Essere collaborativi in modo attivo è la sfida che Red Hat affronta ogni anno. Uno sforzo significativo, ma le ricompense ne valgono la pena.
Nel 2017, quando ho assunto la carica di chief marketing officer in Red Hat (nella foto Tim Yeaton) ci siamo resi conto che il nostro logo non era più adeguato e necessitava di una rivisitazione. Come si aggiorna un brand che significa così tanto per le persone, al punto che alcune se lo sono anche tatuato sulla pelle? Abbiamo volute farlo nello stile di Red Hat – in modo aperto. Abbiamo lanciato un sondaggio a cui potevano partecipare tutti e raccolto i commenti di clienti, partner, Red Hatter e della community.
Un viaggio della durata di due anni, l’Open Brand Project, che non è stato né semplice né veloce. Ma incredibilmente istruttivo.
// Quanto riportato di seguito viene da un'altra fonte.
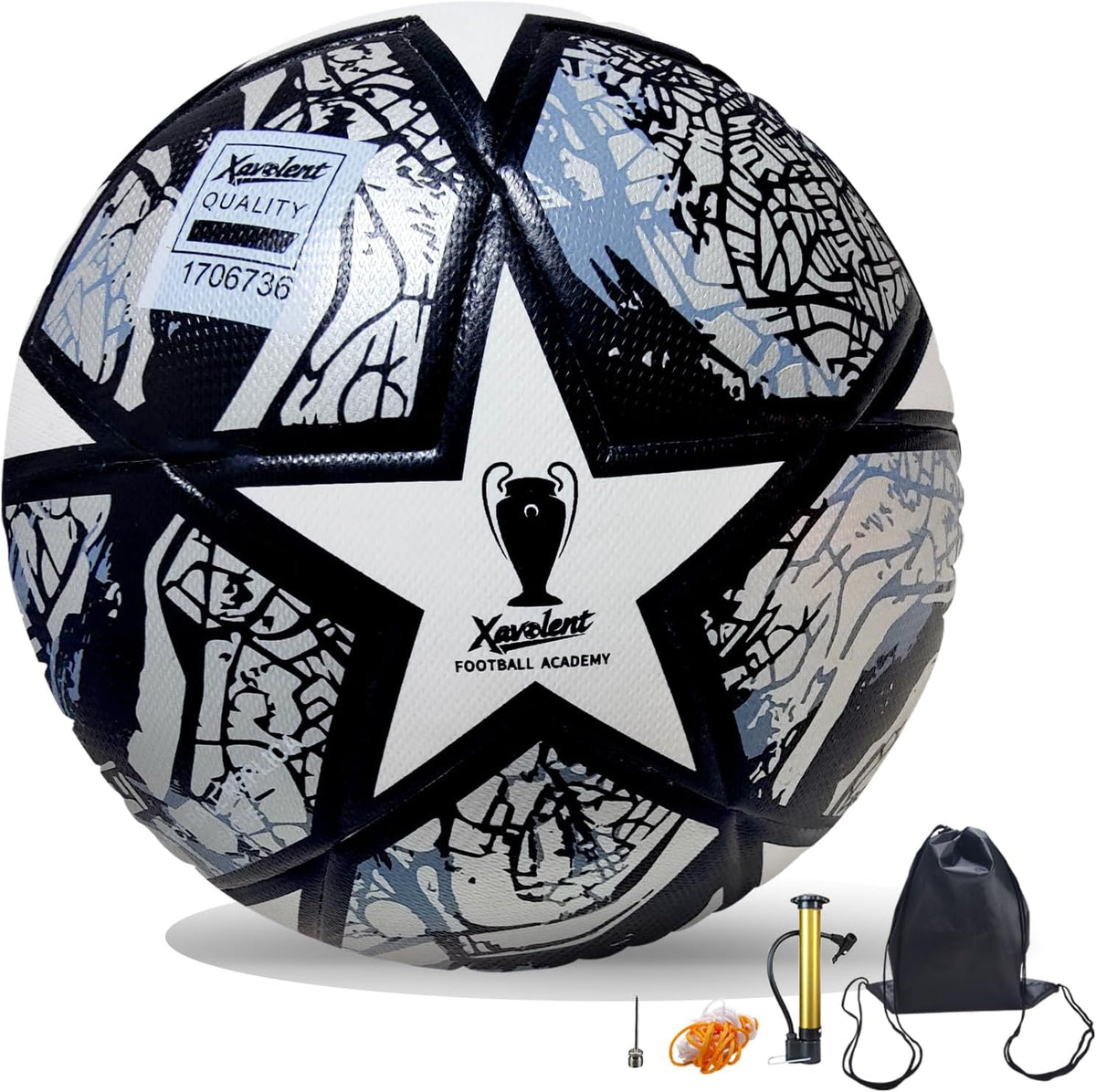 XAVOLENT Balón de fútbol profesional Tamaño 5,4 | Pelota de entrena...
E’ stato un modo per entrare in contatto con le persone e per consentire loro di condividere i loro pareri con noi. Ogni conversazione mi ha permesso di comprendere meglio come il mondo percepisce Red Hat, e ciò che Red Hat deve impersonificare a mano a mano che si evolve: una cultura di apertura, uno spirito di co-creazione, una volontà di condividere la conoscenza, e un impegno a fungere da catalizzatore per quelle comunità in grado di risolvere le principali sfide tecnologiche del mondo.